[Information provided — start]
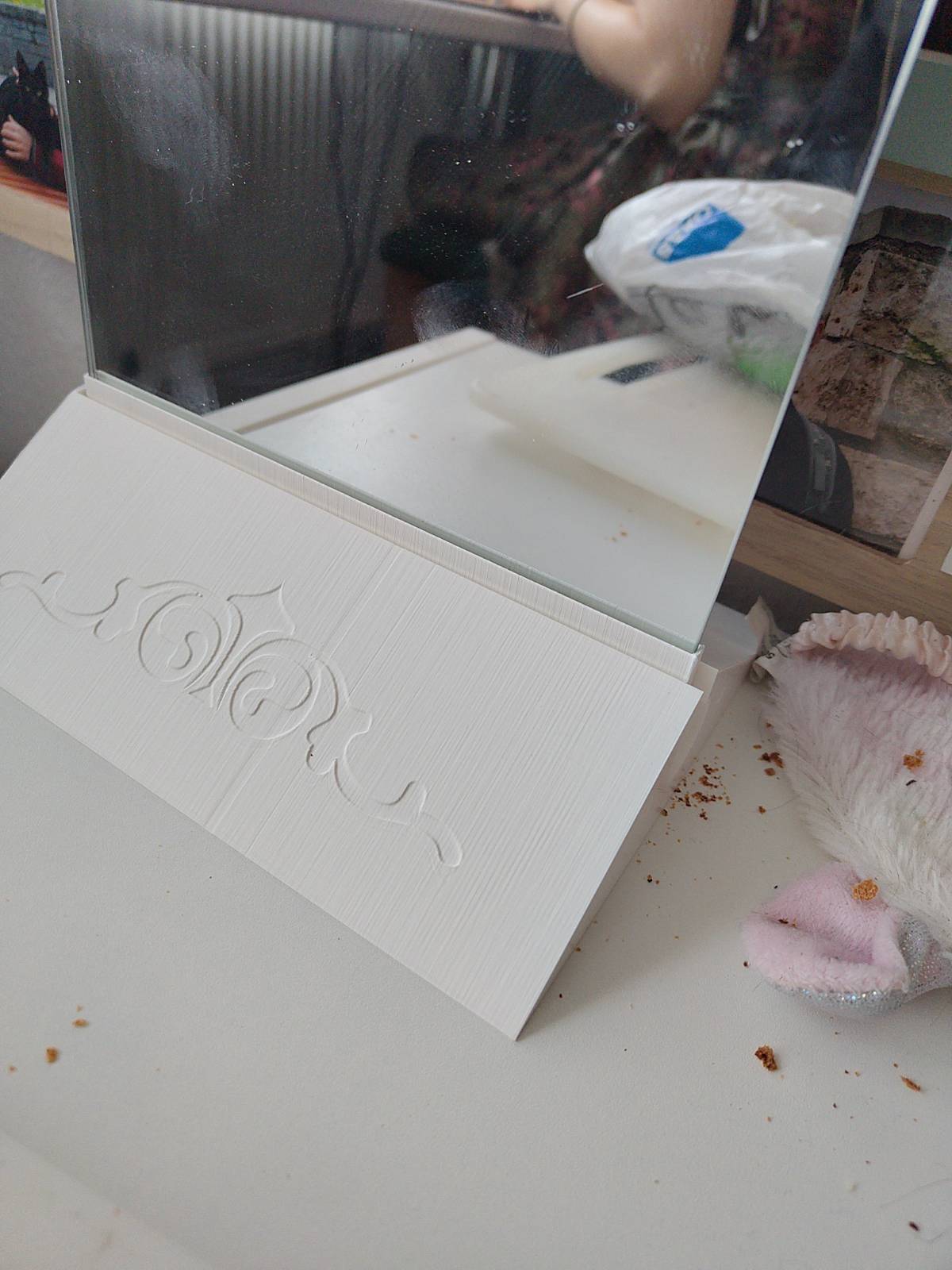 A mirror stand 198x3.4mm
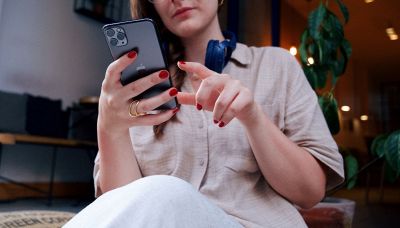 Tradimento scoperto tramite spot: moglie reagisce così. Cosa dice la legge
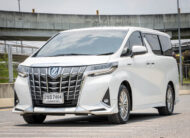 TOYOTA ALPHARD 2.5 HYBRID E-FOUR ปี2022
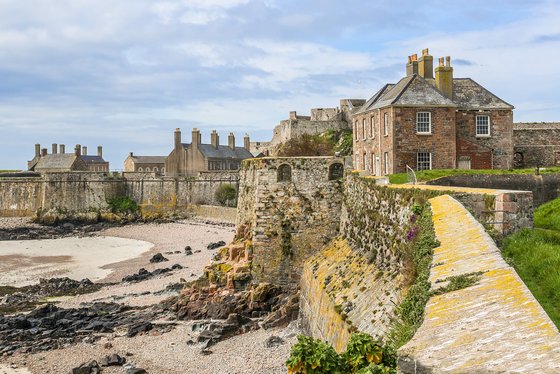Elizabeth Castle auf Jersey Blick auf Häuser einer Festungsanlage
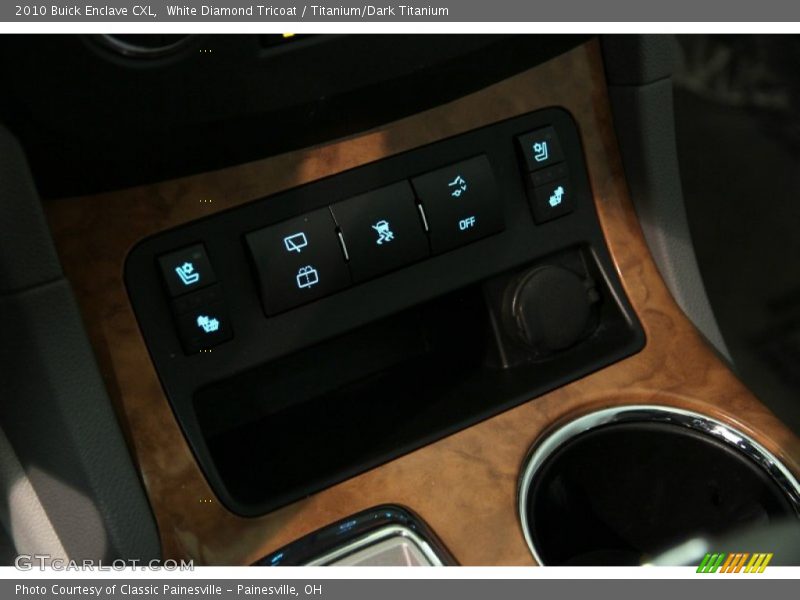 White Diamond Tricoat / Titanium/Dark Titanium 2010 Buick Enclave CXL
[Information provided — finish]
## Your task
Write every entry again exactly as given, skipping the pictures.

## Finished task
 A mirror stand 198x3.4mm
 Tradimento scoperto tramite spot: moglie reagisce così. Cosa dice la legge
 TOYOTA ALPHARD 2.5 HYBRID E-FOUR ปี2022
Elizabeth Castle auf Jersey Blick auf Häuser einer Festungsanlage
 White Diamond Tricoat / Titanium/Dark Titanium 2010 Buick Enclave CXL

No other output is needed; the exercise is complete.